The Rudd Government’s revolutionary proposal following the release of the Henry Tax Review yesterday is pretty astounding in its lack of vision.

It’s not so much a “root and branch” overhaul of the tax system as it is a rocks and dirt one.

This is not to say that the idea to place a 40 per cent tax on some mining company projects to fund Super changes and company tax breaks is a bad idea, but why did we need an entire tax review to do this?

Kevin Rudd had painted this review as the panacea for structural problems within Australia’s tax system, but his response looks more like budget leaks in an election year.

Its release only months before an election and only a week before a budget means that the waters around this thing have been muddied beyond all recognition.

http://www.thepunch.com.au/articles/no-hooray-for-henry/
 
After looking at all the pros and cons on this matter I am in favour of the resource tax. What needs to be born in mind is the foreign ownership of a very large percentage of our resource companies. This ownership increased dramatically over recent years at very low prices. I look at this tax as going some of the way to reclaiming back some of the farm.

If these companies facing the cost of the tax were basically Australian owned my view would be different. They aren't.:)

My cursory opinion tends to agree, this is a pertinent point.

There is a lot of noise from big 'international' players like BHP which are largely foreign owned now, to not change the status quo, and a lot of political rethoric and rabble rousing ( watch them come out of the wood work), but at the end of the day there a lot of changes proposed all the way across the economic enviornment and it'll take some time for miners to consider and adjust to the proposed changing dynamics.

Also, I'm seeing a lot of critique without reference to the macro economic position and likely developments around the world as these changes are due to activate. The most essential being Aus's very low relative national debt especially compared to our main mineral competitors.

The implication is that once these other countries mineral economy has developed to a 'golden goose' stage, as it is put, that these other countries will need to capitalise at least as hard if not more because of their higher national debt.

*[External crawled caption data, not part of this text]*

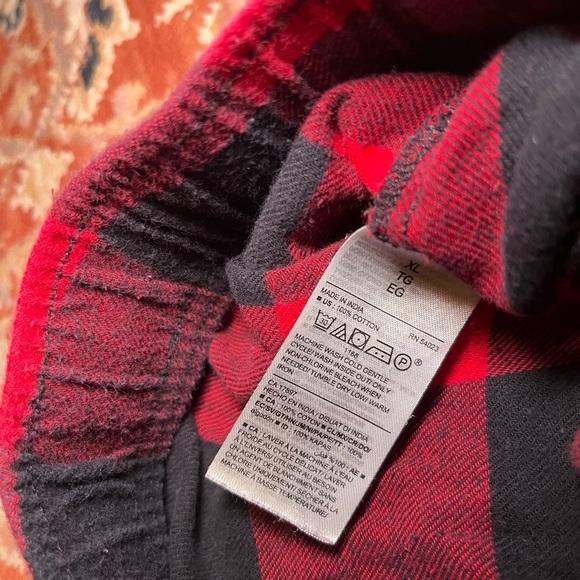 Old Navy, black and red flannel sleep pajamas with top tie size XL - Picture 6 of 7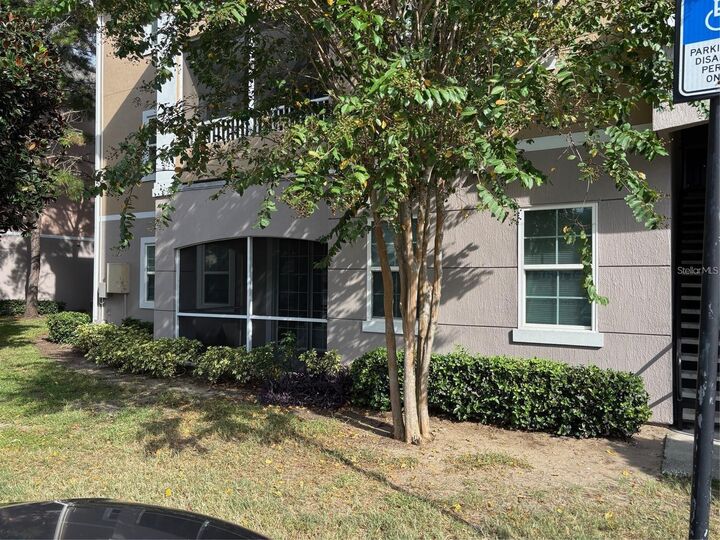 6627 Queens Borough Avenue 101  Orlando FL 32835 photo
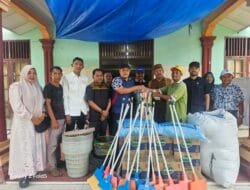 Keluarga Besar Partai Demokrat Aceh Selatan Peduli Terhadap Korban Kebakaran di Kluet Utara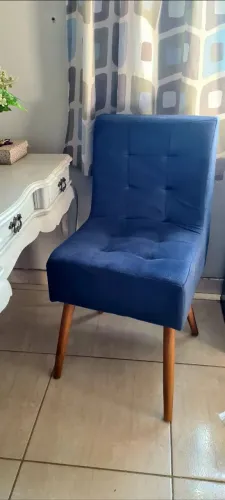 Poltrona semi nova em suede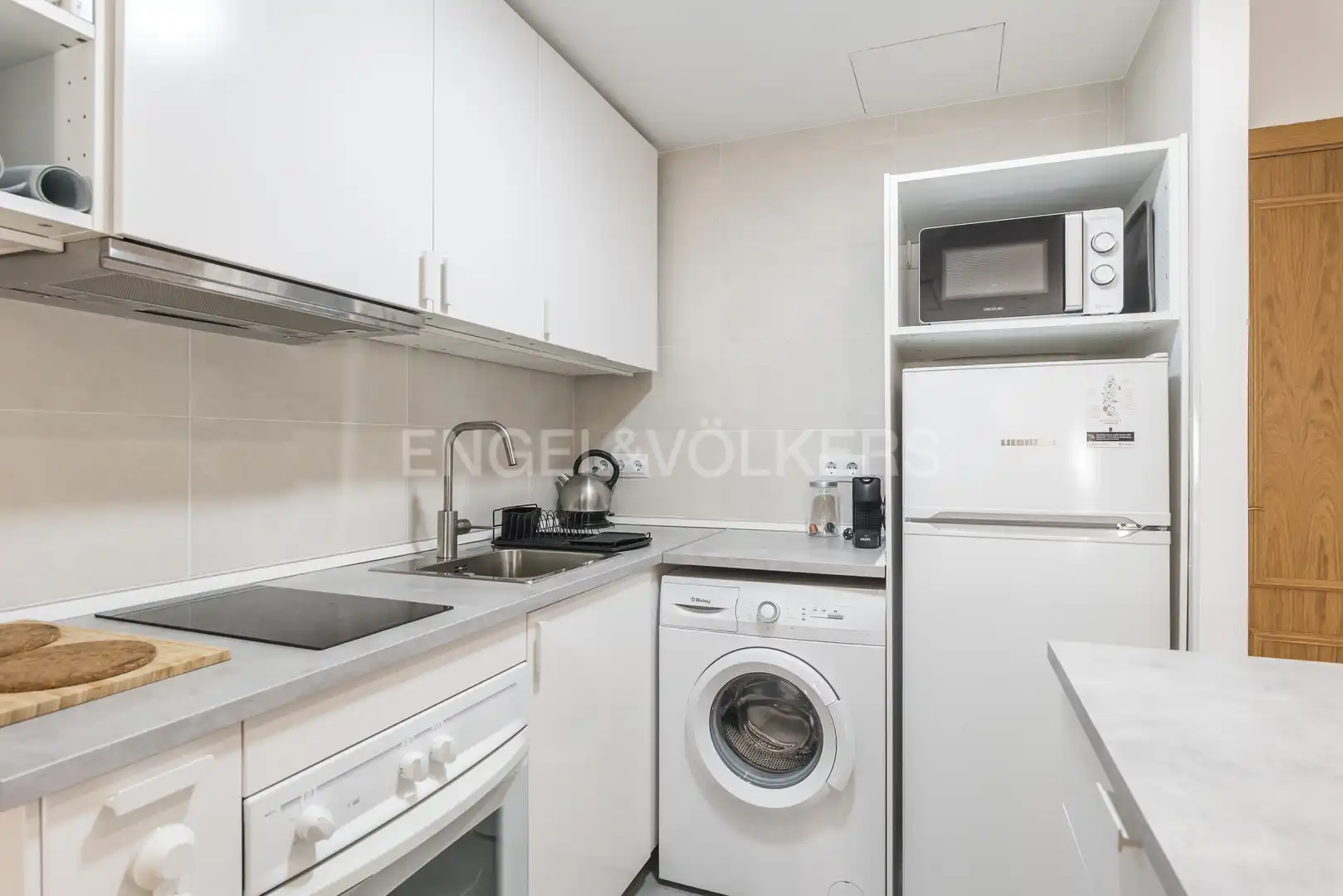 Kitchen of Flat for rent in Madrid  with Air Conditioner, Heating and Parquet flooring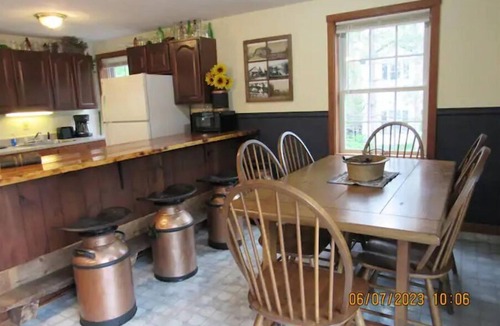 East Stoneham House | The Carriage House, available four seasons on lake Keewaydin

This has me considering the often used motor racing cliche, tis often better to pit-stop a lap or two before your oponents, ie to change tyres and fuel up to get better field position for later in the race.
 
BHP is 40% foreign owned and Rio Tinto is 70% give or take a point or two.

They have contributed the most to the Govt coffers. Why tax them out of being competitive?

BHP chief executive Marius Kloppers said the proposal would hurt the sector’s competitiveness.

“If implemented, these proposals seriously threaten Australia’s competitiveness, jeopardise future investments and will adversely impact the future wealth and standard of living of all Australians,” Mr Kloppers said.

http://www.businessspectator.com.au...ces-tax-pd20100502-53B3N?OpenDocument&src=tnb

Meanwhile, Rio Tinto managing director Australia David Peever said the miner was concerned at the "apparently arbitrary way" in which the new tax had been set at 40 per cent.

"Taxing 40 per cent of profits over the long-term bond rate, together with corporation tax, would make the Australian minerals sector the highest taxed in the world, seriously eroding competitiveness," Mr Peever said.